Berkeley Arcane, by Marie Judson, is an adult portal fantasy that blends epic fantasy, alternate history, time travel, and a sharp thread of near-future science fiction. The story begins in Berkeley, where Rousseau is pulled into trouble by Onyx, a mysterious woman whose brother Sol may be trapped outside ordinary time. At the same time, Kay discovers a strange old cottage that does not belong where it is. From there, the novel opens into a layered conflict involving medieval magic, AI, mind powers, portals, old betrayals, and a future where technology has pushed human identity into uneasy territory.

What I liked most is how grounded the strange things feel. Judson doesn’t treat magic as glitter sprinkled over the plot. It has weight. It has rules, history, and consequences. A café, an eBike, a Trader Joe’s, a university classroom, and a Berkeley co-op all sit beside ancient Norway, Cornwall, dragons, sylphs, and mind-speak without the book winking too hard at the contrast. That choice gives the story an authentic feel. I believed these people had been carrying impossible things for a long time, sometimes with grace and sometimes with total exhaustion. Honestly, that exhaustion made them feel more real.

The book is also busy. There are many characters, timelines, and a lot of past history pressing against the present. As a reader, I sometimes had to slow down and reorient myself. But I didn’t mind that as much as I expected to, because the emotional through-line is clear: people are trying to protect one another while deciding what kinds of power should exist in the world. That idea really resonated with me. Judson’s most interesting choice is bringing AI into a fantasy framework without making it feel like a gimmick. The book asks whether technology can imitate magic, whether it should, and what happens when people gain abilities without a culture or ethics strong enough to guide them. That’s a big question, but the novel keeps bringing it back to family, memory, friendship, and responsibility.

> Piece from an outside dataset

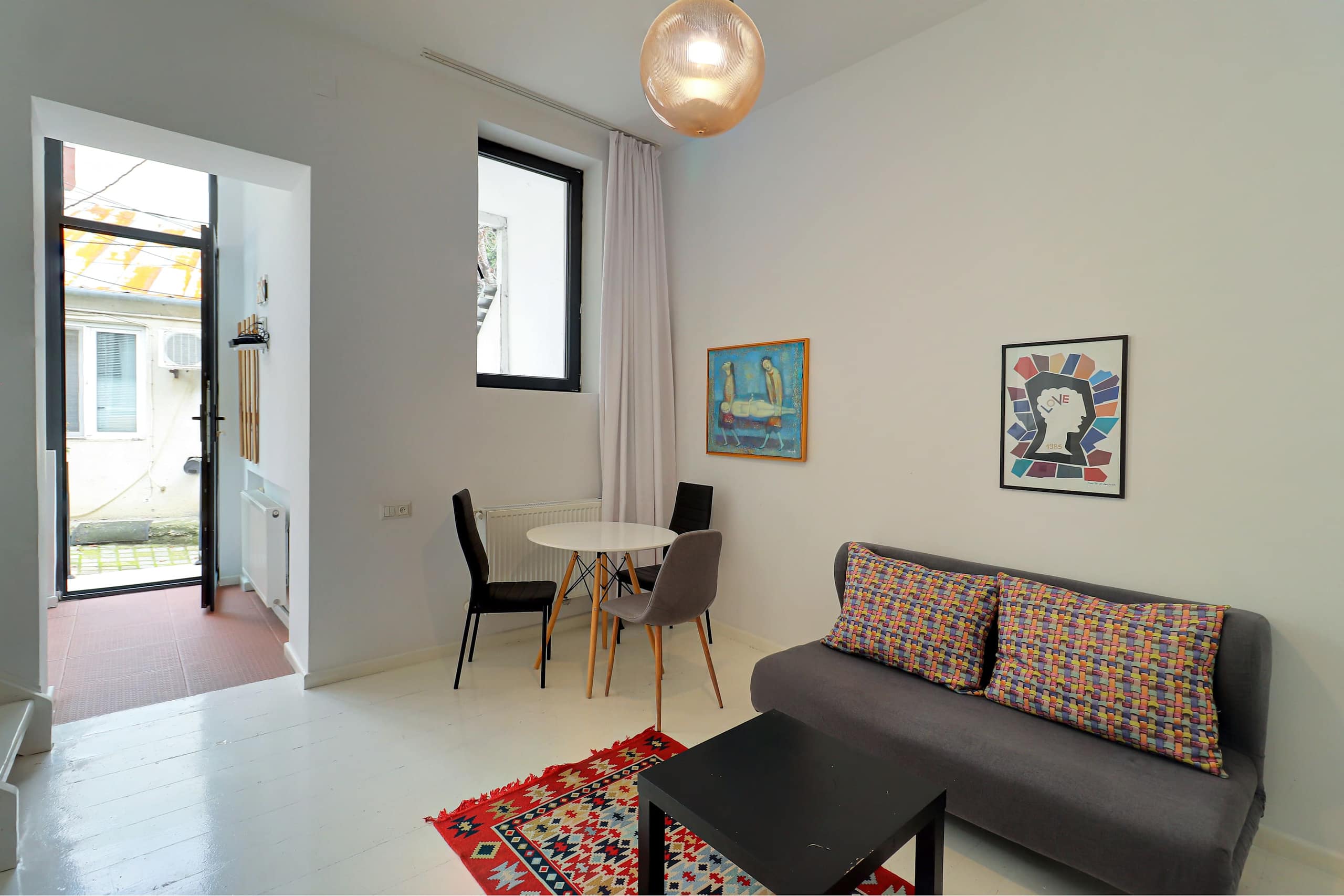 Cozy 1 Bedroom Apartment In Heart of Old Tbilisi in Chugureti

I recommend Berkeley Arcane to readers who already enjoy character-rich fantasy with complicated histories, especially those who like portal fantasy, alternate history, Celtic and Nordic influences, and stories where ancient magic collides with modern technology. New readers may want to start earlier in the Braided Dimensions series, because this fifth book carries emotional and plot history from the previous novels. But for readers who enjoy being dropped into a dense, strange, and heartfelt world and slowly finding their footing, this is a thoughtful and imaginative novel.